Par l’épique, par l’épopée révolutionnaire, oui, et aussi par les ruines en général. Mais je me sens encore plus attiré par cet extraordinaire et, semble-t-il, inévitable basculement de la révolution vers sa caricature ou sa trahison. C’est un domaine tragique, humainement parlant, mais passionnant d’un point de vue romanesque, car on ne sait pas à l’avance à quoi vont ressembler les ruines. Toutes les surprises sont possibles, y compris les plus affreuses. J’adore cette idée d’une épopée qui dérape vers des formes toujours inédites, inconnues, de cauchemar. Mes personnages se situent à divers moments de ce processus. Ils portent en eux deux certitudes : d’une part, la libération des hommes par la révolution est l’unique activité qui justifie leur séjour sur terre ; et, d’autre part, la révolution est appelée à dégénérer et à les broyer. C’est pourquoi ils sont si à leur aise dans l’univers des camps et des prisons, où les deux certitudes touchent leur point d’harmonie.

« Étouffement des générosités », « agonie vertigineuse des projets utopiques et fraternels » sont des expressions que vous employez pour qualifier la réalité. Avez-vous la haine du réel comme le Murgrave ? Des enfers fabuleux dresse le tableau d’une enfance rebelle. Quelle part a eu la politique dans votre existence ?

Vous revenez sur des aspects biographiques que je ne traiterai que du point de vue de mes personnages, et non d’un point de vue académiquement autobiographique. La haine du réel terrestre est fondamentale chez Jorian Murgrave, et elle se développe dans le livre avec un projet concret de survie ailleurs que dans le réel : à l’intérieur des rêves de quelques « hôtes » humains, amis ou ennemis, dont certains vont devenir les « biographes de Jorian Murgrave ». Il s’agit d’une « possession » agressive, surréaliste, d’une aliénation où les aspects purement politiques sont repoussés au deuxième plan.
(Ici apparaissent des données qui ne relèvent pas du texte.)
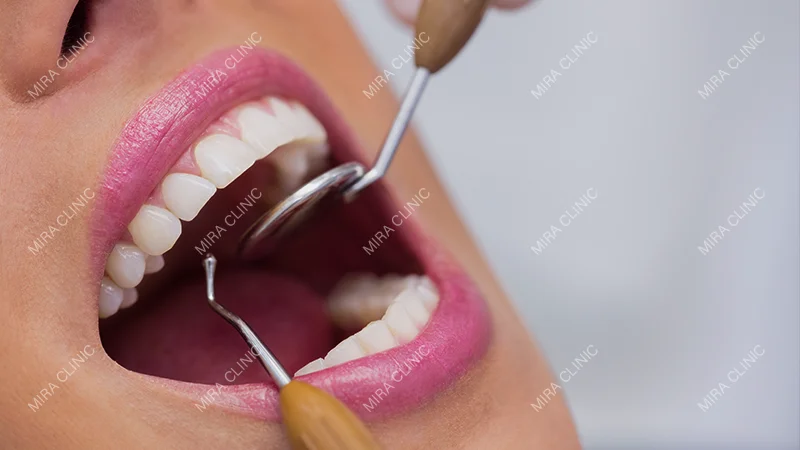 final veneers adjustments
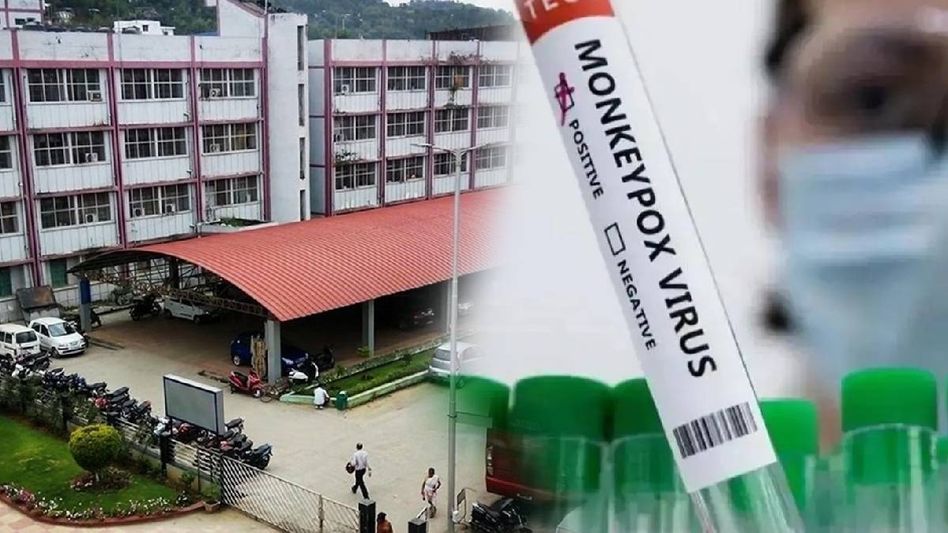 Assam: GMCH Superintendent denies Monkeypox case, confirms Chickenpox instead Assam: GMCH Superintendent denies Monkeypox case, confirms Chickenpox instead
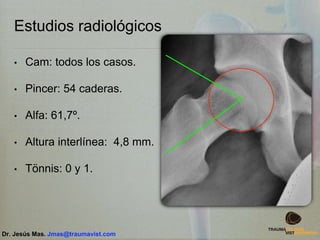 Estudios radiológicos
• Cam: todos los casos.
• Pincer: 54 caderas.
• Alfa: 61,7º.
• Altura interlínea: 4,8 mm.
• Tönnis: 0 y 1.
Dr. Jesús Mas. Jmas@traumavist.com
 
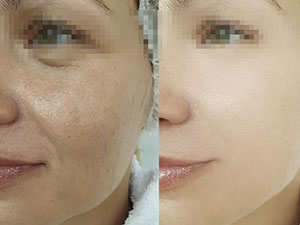 彩光祛斑与激光祛斑:区别与优势解析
Les livres qui ont suivi, Un navire de nulle part, Rituel du mépris, Des enfers fabuleux, infléchissent ce refus du réel vers un monde plus politique, pour aboutir à Lisbonne, dernière marge, ou le refus du réel se superpose sans aucune ambiguïté au refus du monde capitaliste. J’ajoute que le refus du réel n’est pas seulement manifeste dans l’activité des personnages, il l’est également dans le type de fiction qu’organisent les narrateurs et les surnarrateurs qui sont placés en amont de la narration, dans la fiction, derrière les romans. Par exemple, si on regarde de près l’univers dans lequel apparaît la fiction, on doit pouvoir se rendre compte que c’est un univers débarrassé du décor capitaliste. Débarrassé volontairement du réel capitaliste. L’univers de tous mes livres est un univers fictionnel gouverné par une volonté idéologique, qui consiste à ne pas reconnaître un statut de réalité au capitalisme, et, en particulier, à ne pas admettre qu’il soit présent dans le décor où héros et héroïnes évoluent. Dans ce refus réside un des procédés magiques des surnarrateurs post-exotiques pour combattre la réalité. Il y a un souci politique permanent inscrit dans la pâte romanesque que je remue pour en faire des histoires. Voilà la part de la politique dans mon existence d’auteur.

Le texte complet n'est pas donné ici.